▸ **PROBLEM TO WORK ON**:
The records are to be repeated in full, with the images removed.

** Opening THE RECORDS block **

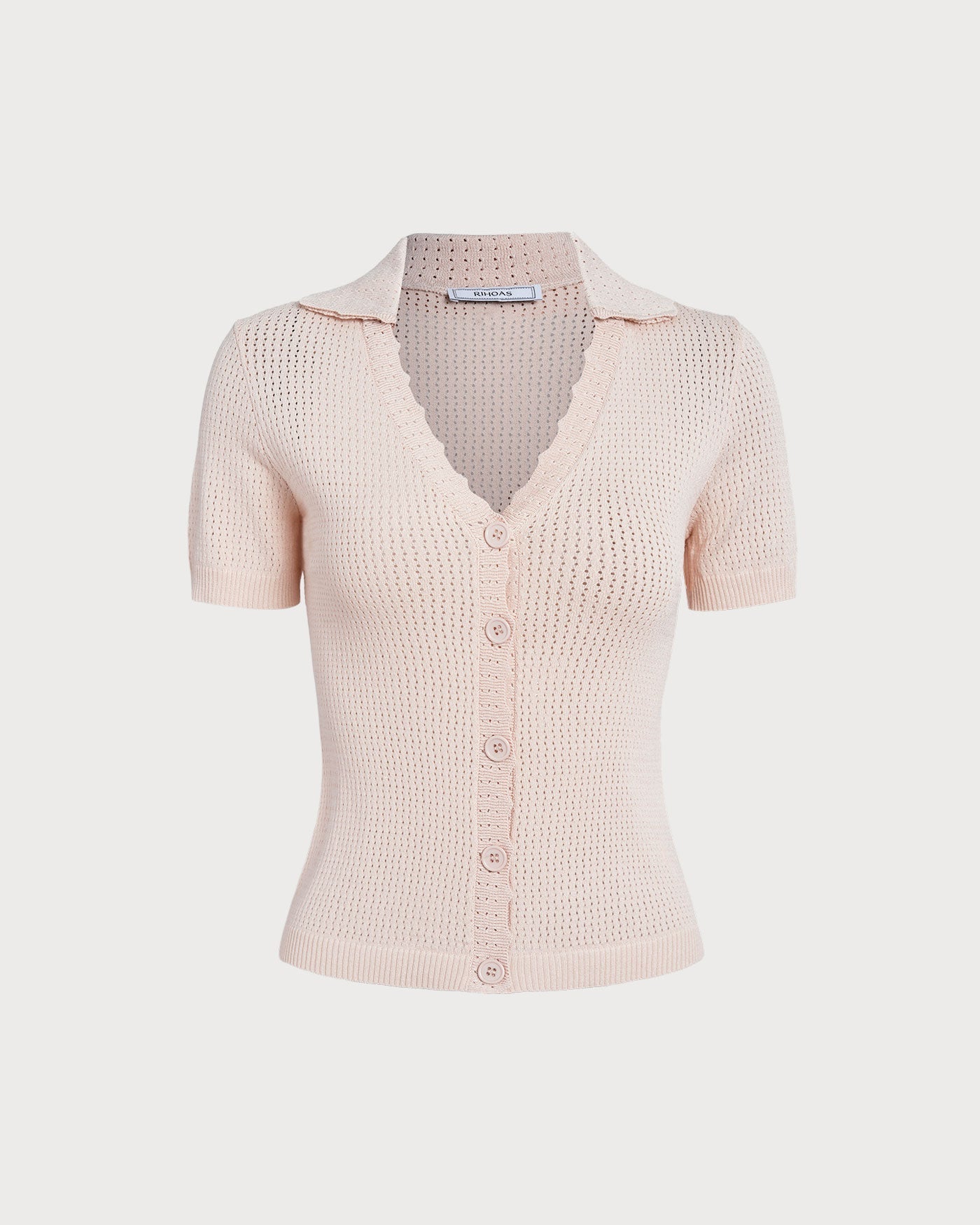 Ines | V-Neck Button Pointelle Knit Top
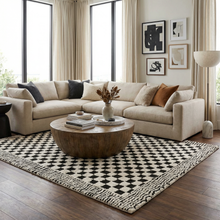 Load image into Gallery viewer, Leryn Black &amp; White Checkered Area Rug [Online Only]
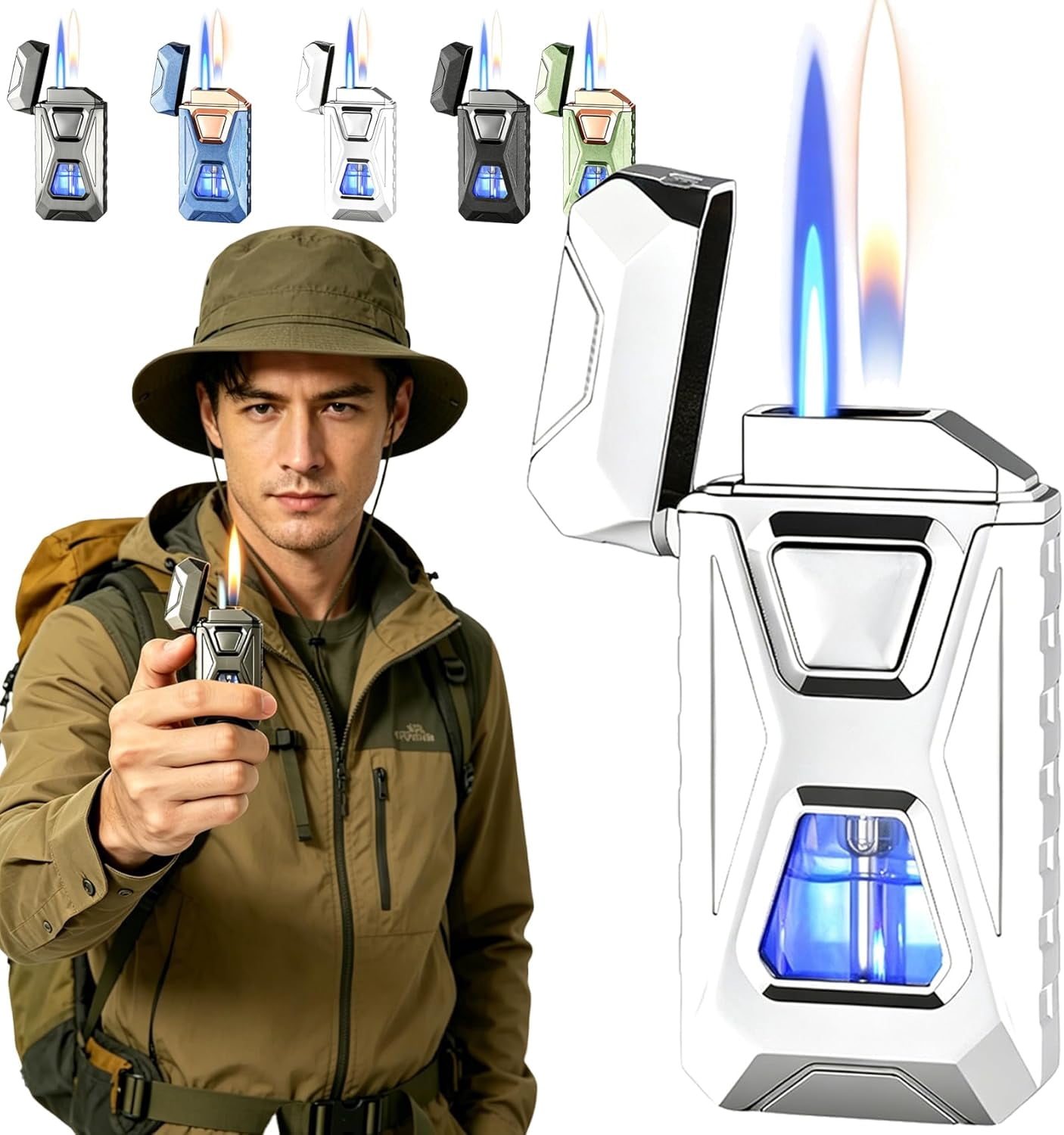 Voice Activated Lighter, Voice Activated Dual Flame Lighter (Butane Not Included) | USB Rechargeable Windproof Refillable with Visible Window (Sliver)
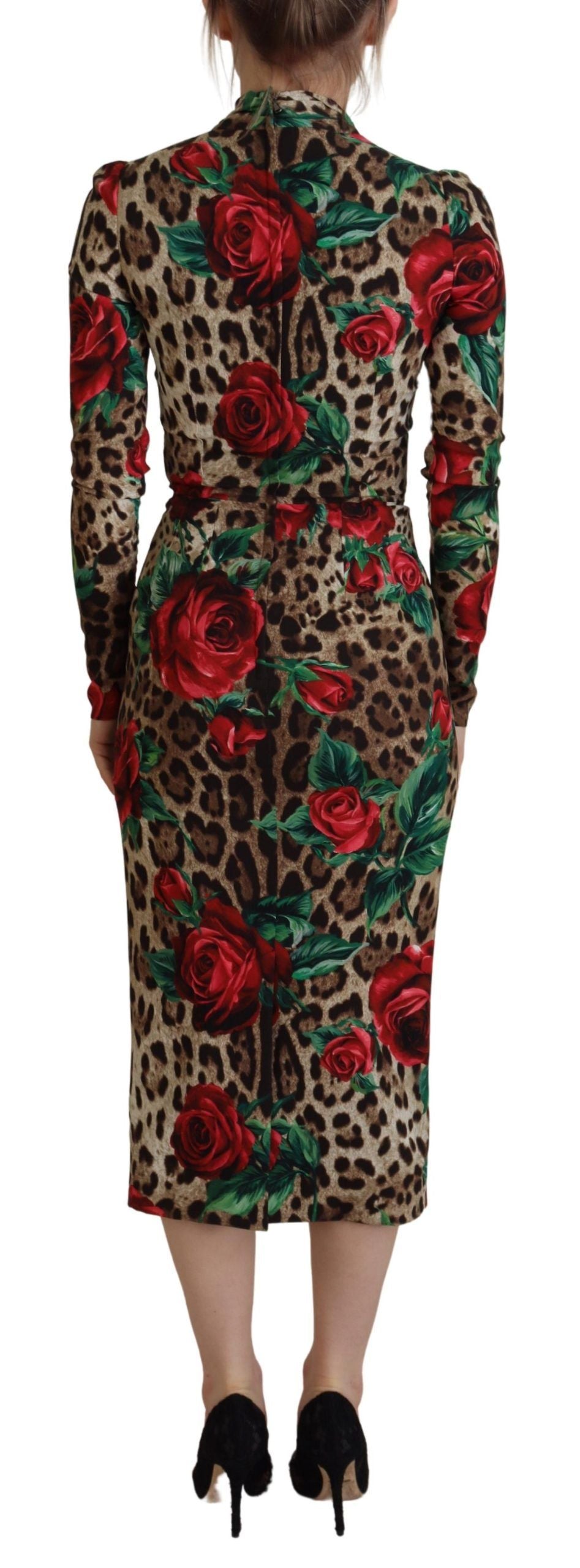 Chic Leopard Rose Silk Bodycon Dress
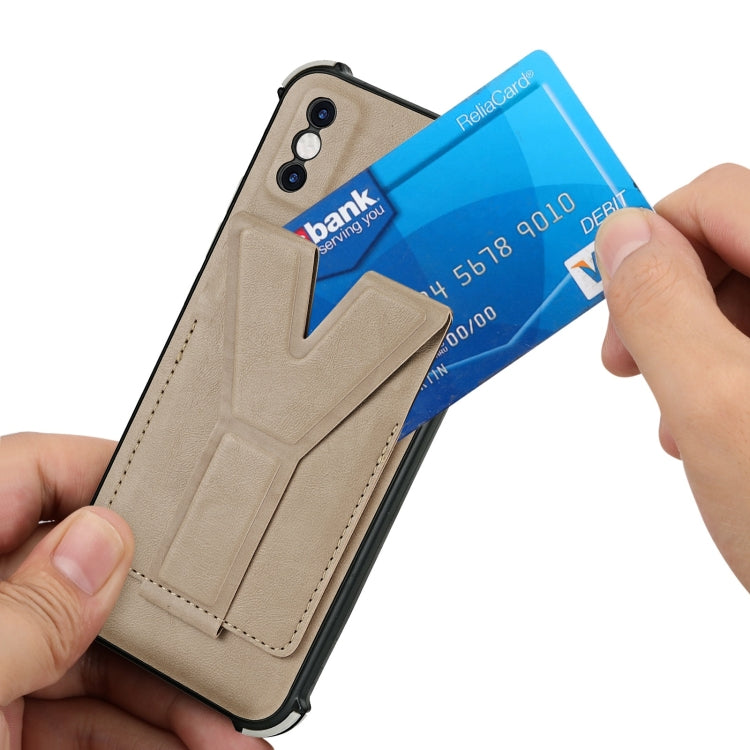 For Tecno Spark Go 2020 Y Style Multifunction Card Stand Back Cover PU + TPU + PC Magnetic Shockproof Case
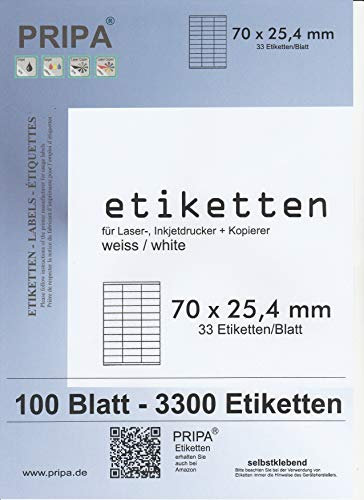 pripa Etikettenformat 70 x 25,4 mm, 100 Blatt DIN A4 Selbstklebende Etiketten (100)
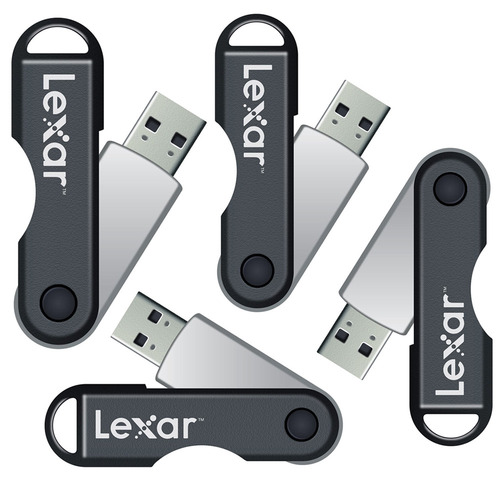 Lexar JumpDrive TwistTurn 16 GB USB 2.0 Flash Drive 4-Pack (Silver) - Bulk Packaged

** Closing THE RECORDS block **

▸ **RESULT FOR THIS EXERCISE**:
 Ines | V-Neck Button Pointelle Knit Top
 Load image into Gallery viewer, Leryn Black &amp; White Checkered Area Rug [Online Only]
 Voice Activated Lighter, Voice Activated Dual Flame Lighter (Butane Not Included) | USB Rechargeable Windproof Refillable with Visible Window (Sliver)
 Chic Leopard Rose Silk Bodycon Dress
 For Tecno Spark Go 2020 Y Style Multifunction Card Stand Back Cover PU + TPU + PC Magnetic Shockproof Case
 pripa Etikettenformat 70 x 25,4 mm, 100 Blatt DIN A4 Selbstklebende Etiketten (100)
 Lexar JumpDrive TwistTurn 16 GB USB 2.0 Flash Drive 4-Pack (Silver) - Bulk Packaged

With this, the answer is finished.